Науки о человеке изучаются Витгенштейном прежде всего на материале психологии. Философ вообще считал, что основные проблемы психологии имеют не столько эмпирический, сколько концептуальный характер и связаны с анализом логических связей (или, как предпочитал он выражаться, с анализом грамматики) основных понятий психологии. А эти понятия выражаются в обыденном языке, в разных языковых играх, соответствующих разным формам жизни. Поэтому витгенштейновская философия психологии — это прежде всего критика основных теоретических конструкций, из которых исходила современная ему психология (а он внимательно изучал работы многих современных ему психологов, в частности, В.Джеймса, В. Келера и др.) и вместе с тем формулировка того понимания психических феноменов, которое Витгенштейн считал адекватным, соответствующим правилам употребления психологических терминов в обычной речевой коммуникации. Анализ этой речевой коммуникации (в разных языковых играх) и является по мнению философа ключом к пониманию того, что мы считаем психической жизнью.

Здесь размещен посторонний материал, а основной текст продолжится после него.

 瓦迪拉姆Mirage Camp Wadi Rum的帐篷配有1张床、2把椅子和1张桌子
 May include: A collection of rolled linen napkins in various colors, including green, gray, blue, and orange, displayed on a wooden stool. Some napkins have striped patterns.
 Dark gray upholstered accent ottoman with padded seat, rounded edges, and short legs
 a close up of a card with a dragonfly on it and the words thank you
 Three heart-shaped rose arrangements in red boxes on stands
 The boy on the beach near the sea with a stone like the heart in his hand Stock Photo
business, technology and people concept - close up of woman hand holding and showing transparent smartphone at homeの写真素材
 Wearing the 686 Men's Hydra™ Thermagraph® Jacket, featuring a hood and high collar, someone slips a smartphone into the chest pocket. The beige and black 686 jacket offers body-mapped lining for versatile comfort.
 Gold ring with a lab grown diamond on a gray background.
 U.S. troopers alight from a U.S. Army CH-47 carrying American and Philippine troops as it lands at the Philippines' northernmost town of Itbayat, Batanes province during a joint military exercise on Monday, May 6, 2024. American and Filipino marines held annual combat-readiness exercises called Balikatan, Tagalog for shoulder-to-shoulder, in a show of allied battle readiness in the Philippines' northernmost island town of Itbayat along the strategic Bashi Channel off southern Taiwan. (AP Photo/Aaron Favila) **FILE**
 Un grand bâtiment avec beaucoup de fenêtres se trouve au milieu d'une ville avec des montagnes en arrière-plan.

По Витгенштейну философия вообще может больше сказать о психической жизни, чем психология. Философ был довольно низкого мнения о возможностях психологии как науки (Wittgenstein, 1980). Он подчеркивал, что отличия психологии от естественных наук связаны вовсе не с тем, что первая еще недостаточно созрела как научная дисциплина (это было мнением многих психологов в 20-е, 30-е гг., в частности, В. Келера, которого Витгенштейн изучал), а с тем прежде всего, что психологическое знание принципиально иного рода, чем знание естественнонаучное. В отличие от естествознания, бессмысленно даже предполагать возможность какого-то революционного открытия в психологии, переворачивающего наши представления, ибо все основное о нашей психической жизни нам известно из нашего обычного опыта, выраженного в языке. В актах речевой коммуникации и выражается наша психическая жизнь. Для того, чтобы выяснить взаимоотношения между основными состояниями сознания (ощущения, чувственные впечатления, представления, эмоции), диспозициями (эмоциональные установки, формы убежденности), психическими действиями (переживания, тенденции, акты воли), возможностями (знание, понимание), достаточно философского анализа различного рода языковых игр (в которых акты коммуникации вплетены в разного рода действия и сами выступают как действия). Психологический эксперимент мало что может дать в этом отношении. Что же касается возможности предвидеть действия другого человека, формулировать законы его поведения (по образцу тех законов, которые формулируются в естественных науках), то так называемая научная психология вряд ли что может предложить. Действия другого человека вообще в большинстве случаев непредсказуемы. Тем не менее знание о другом человеке и возможность если и не предсказать, то понять его действия, можно получить. Но это знание (во многом интуитивное) не вырабатывается в психологии, а возникает в ходе практической коммуникации с другим, в результате которой устанавливается практическая согласованность действий и взаимопонимание (которое, как правило, не вербализуется, ибо лежит в основе самой коммуникации).